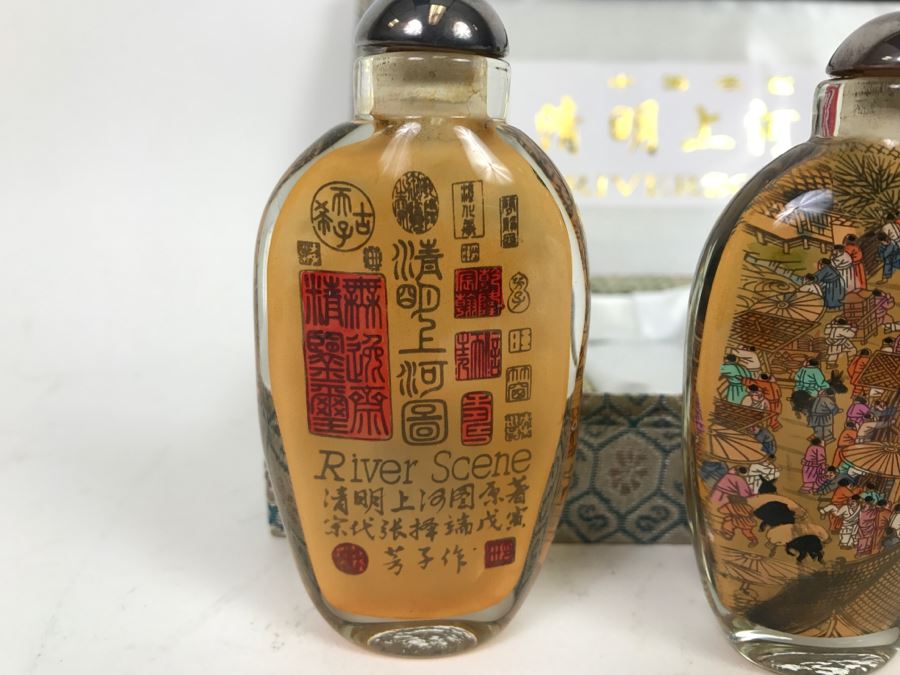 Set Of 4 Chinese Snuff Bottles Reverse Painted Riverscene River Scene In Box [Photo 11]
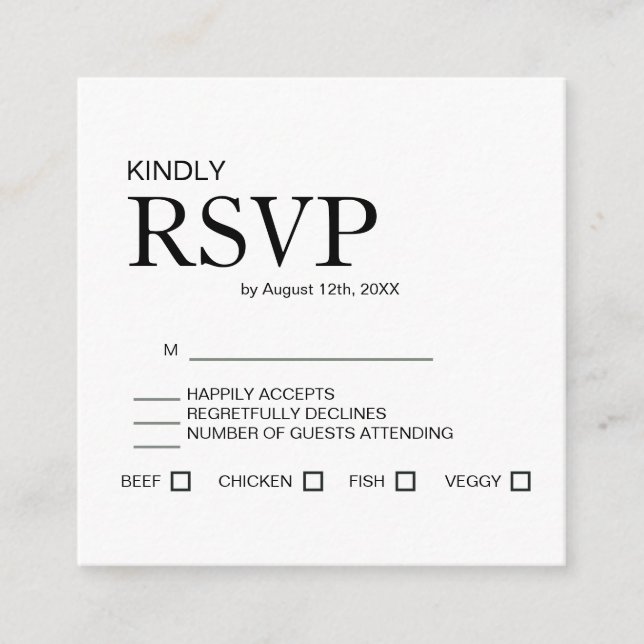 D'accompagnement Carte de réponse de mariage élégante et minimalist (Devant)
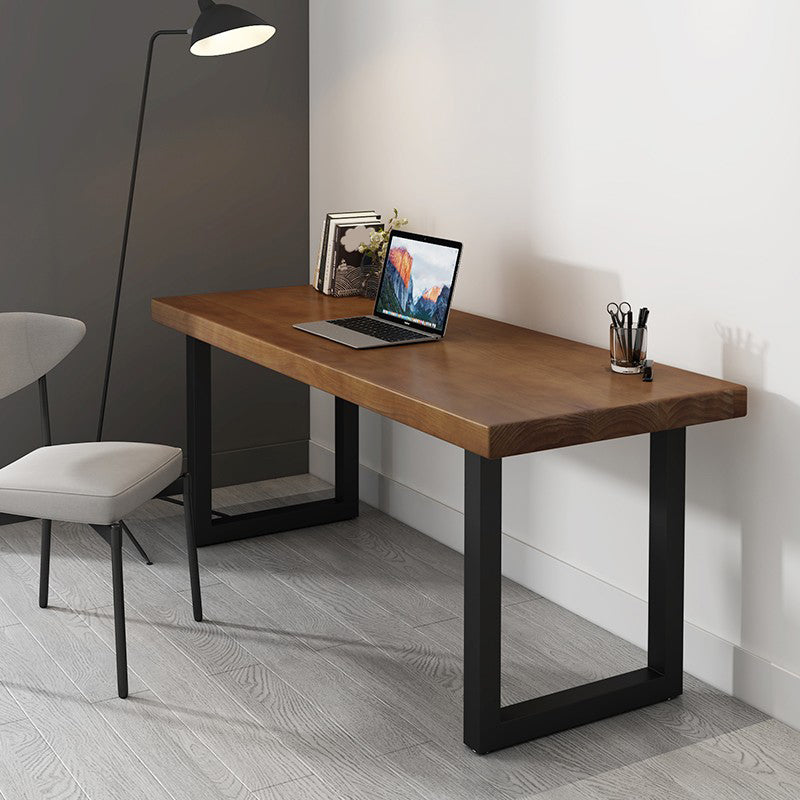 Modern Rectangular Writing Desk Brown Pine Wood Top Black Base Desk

→ Description of the task
All lines from the one holding "D'accompagnement Carte de" through the last line of the material above should be set down exactly, and the pictures should be left out.

→ Answer to this exercise
 D'accompagnement Carte de réponse de mariage élégante et minimalist (Devant)
 Modern Rectangular Writing Desk Brown Pine Wood Top Black Base Desk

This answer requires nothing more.